Mastectomy Clinical Trials

Clinical trials related to Mastectomy Procedure

A Comparative Study Between Ultrasound Guided Combined Rhomboid Intercostal and Sub- Serratus Plane Blocks and Erector Spinae Plane Block as Perioperative Analgesia in Mastectomy Surgeries in Cancer Breast Patients

Status: Recruiting
Location: See location...
Intervention Type: Procedure
Study Type: Interventional
Study Phase: Not Applicable
SUMMARY

Acute post-mastectomy pain can cause adverse impacts on the patients as delayed discharge from post-operative recovery area, impairs pulmonary and immune functions, increases risk of ileus, thromboembolism, myocardial infarction and may lead to increased length of hospital stay. It is also an important factor leading to the development of chronic post mastectomy pain syndrome (PMPS) in almost half of the patients. Various regional anesthetic techniques have been described for postoperative pain relief after mastectomy, for example, thoracic epidural anesthesia, intercostal nerve block, paravertebral block, serratus anterior plane block, and pectoral nerve I and II blocks. All of them offer satisfactory pain relief after mastectomy. Erector spinae plane block is a novel para-spinal regional anesthesia technique, , promises to provide effective visceral as well as somatic analgesia after carcinoma of the breast surgeries. The ultrasound-guided rhomboid intercostal block sub-serratus plane block (RISS) is a novel analgesic technique The RISS block anesthetizes the lateral cutaneous branches of the thoracic intercostal nerves and can be used in multiple clinical settings for chest wall and upper abdominal analgesia

Eligibility
Participation Requirements
Sex: Female
Minimum Age: 18
Maximum Age: 60
Healthy Volunteers: f
View:

• Breast cancer female patients.

• ASA class II and III.

• Age ≥ 18 and ≤ 60 Years.

• Body mass index (BMI): \> 20 kg/m2 and \< 35 kg/m2.

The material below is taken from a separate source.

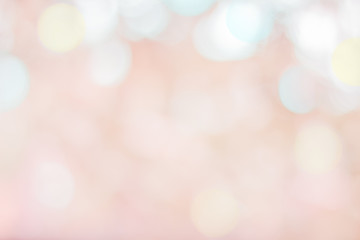 Blurred christmas snow lights on background. Design effect focus happy holiday party glow texture white wall paper pastel bokeh sun star shiny soft plain warm flare blur night light red xmas gray year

• Type of surgery; elective breast cancer surgery (either modified radical mastectomy or conservative breast surgery) combined with axillary dissection.

Locations
Other Locations
Egypt
National Cancer Institute - Cairo University
RECRUITING
Cairo
Contact Information
Primary
Ayman Sharawy Abdelrahman Aboul Nasr, MD
ayman.sharawy@nci.cu.edu.eg
01282649008
Backup
Asmaa Elsayed Khalil Elmoghazy, MD
asmaakhalilmd2017@gmail.com
01009468049
Time Frame
Start Date: 2026-01-01
Estimated Completion Date: 2026-04-01
Participants
Target number of participants: 40
Treatments
Active_comparator: Ultrasound guided Rhomboid intercostal block sub-serratus plane block (RISS).
With the patient in the lateral decubitus position, a rhomboid intercostal block will be performed under ultrasound guidance using a linear probe (6-12 MHz). The transducer will be positioned medial to the scapular border to obtain an oblique sagittal view. A 17G Tuohy needle will be advanced in-plane from a superomedial to an inferolateral direction through the trapezius and rhomboid major muscles, and 10 mL of 0.25% bupivacaine will be injected at the T5-T6 level. The probe will then be moved caudally and laterally to identify the plane between the serratus anterior and external intercostal muscles for a sub-serratus block at T6-T9. Using the same skin entry point, the needle will be redirected caudolaterally, and 15 mL of 0.25% bupivacaine will be administered superficial to the intercostal muscles.
Active_comparator: Ultrasound guided Erector spinae plane block (ESPB)
The patient will be placed in sitting position. The spine will be palpated from C7 downward to T5 and point will be marked to identify the spinous process. After ensuring skin asepsis, the high frequency (5-13 MHz) linear probe of ultrasound machine (Sonosite, Bothwell, USA) will be placed in a sterile sheath 3 cm lateral to the T5 spinous process. The three muscles from outward will be recognized: trapezius, rhomboidus major, and erector spinae muscle. An 18-gauge Tuohy needle will be inserted using an in-plane superior to inferior approach to place the tip into fascial plane on the deep (anterior) aspect of erector spinae muscle. The location of the needle tip was confirmed by visible fluid spread below erector spinae muscle off the bony shadow of the transverse process. A total of 20 ml of 0.5% bupivacaine will be injected through the needle.